In conclusion, the action has been converted from a proceeding pursuant to CPLR article 78 to one for declaratory judgment. Since the Commissioner agrees that this action is more properly one for declaratory judgment, and his motion to dismiss is, inter alia, based upon an alleged failure of the complaint (petition) to state a cause of action (CPLR 3211 [a] [7]), the motion is treated as one for declaratory judgment in his favor (see, Siegel, N Y Prac § 440 [1978]). Accordingly, the motion is denied and, based upon the foregoing decision, judgment is rendered in favor of petitioner.
An important point of clarification is needed at this juncture. A careful reading of 7 NYCRR 1900.2 (a) evinces language which refers only temporary release committee "members representing parole". The foregoing constitutional issue, as discussed by the parties, has focused entirely upon the question of the Commissioner's appointment of parole officers to the temporary release committees. There is no indication that the Commissioner has seated any parole personnel on the temporary release committee other than parole officers. Since this analysis is limited only to the use of parole officers as temporary release committee members, 7 NYCRR 1900.2 (a) is declared unconstitutional insofar as the Commissioner construes the same to authorize the appointment of parole officers to temporary release committees. The court expresses no opinion and makes no determination as to the propriety of Division of Parole personnel, other than parole officers, serving on temporary release committees pursuant to 7 NYCRR 1900.2 (a).

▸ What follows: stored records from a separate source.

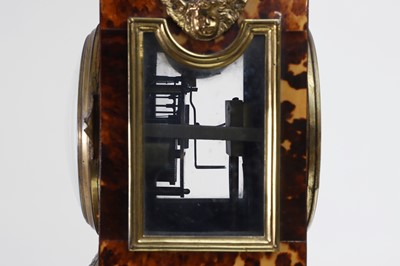 Lot 350 - A gilt-brass and tortoiseshell mantel clock by Andrew Barrett & Sons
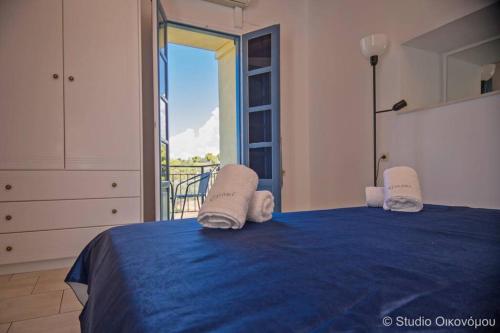 um quarto com uma cama azul e uma varanda em Studio Gerani 2 em Porto Heli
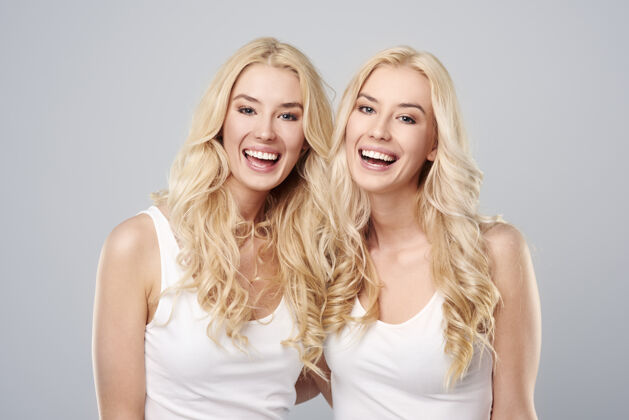欢呼在灰色背景下笑的双胞胎仅限女性比较腰部向上
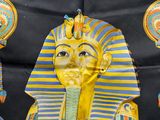 yellow and blue egyptian mask on a black background with other items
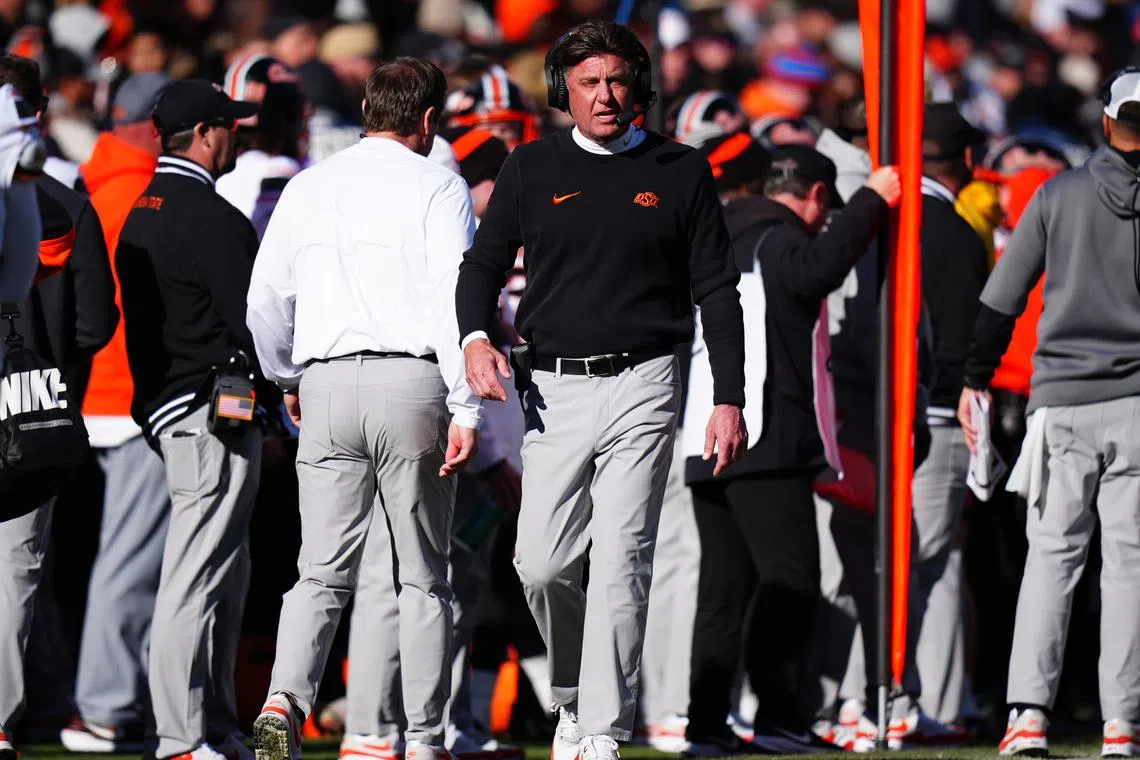 Nov 29, 2024; Boulder, Colorado, USA; Oklahoma State Cowboys head coach Mike Gundy walks the sidelines in the second half against the Colorado Buffaloes at Folsom Field. Ron Chenoy-Imagn Images/File Photo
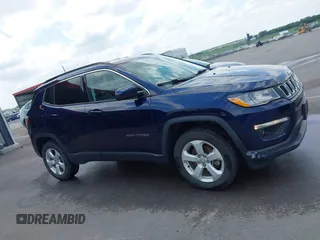 2018 Jeep Compass Latitude with VIN 3C4NJDBB2JT150463, listed as a IAAI auction lot 42452301 with 73,895 mi miles and . Bid and sale history available at DreamBid. Image 13.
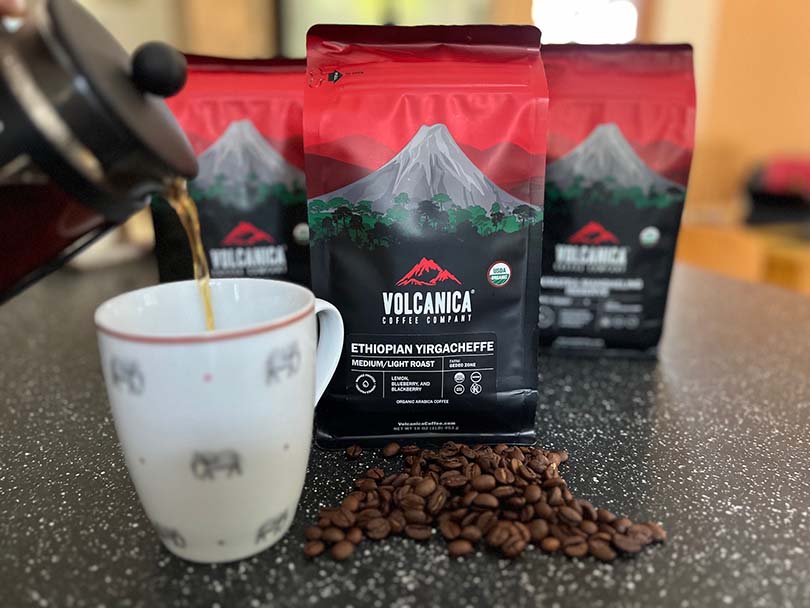 Three bags Volcanica Ethiopian Yirgacheffee with some of the coffee beans on the counter, French press being poured into mug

Finally, petitioner's application to proceed as a poor person (CPLR 1101, 1102 PLR) is granted so as to relieve her of the liability for any costs and fees associated with the prosecution of this action. Considering the fact that petitioner is incarcerated, all papers are to be sent to the Attorney-General, Cindy L. Dugan, Esq., of counsel. The Attorney-General is directed to properly file the papers and to submit a judgment in accordance with this decision.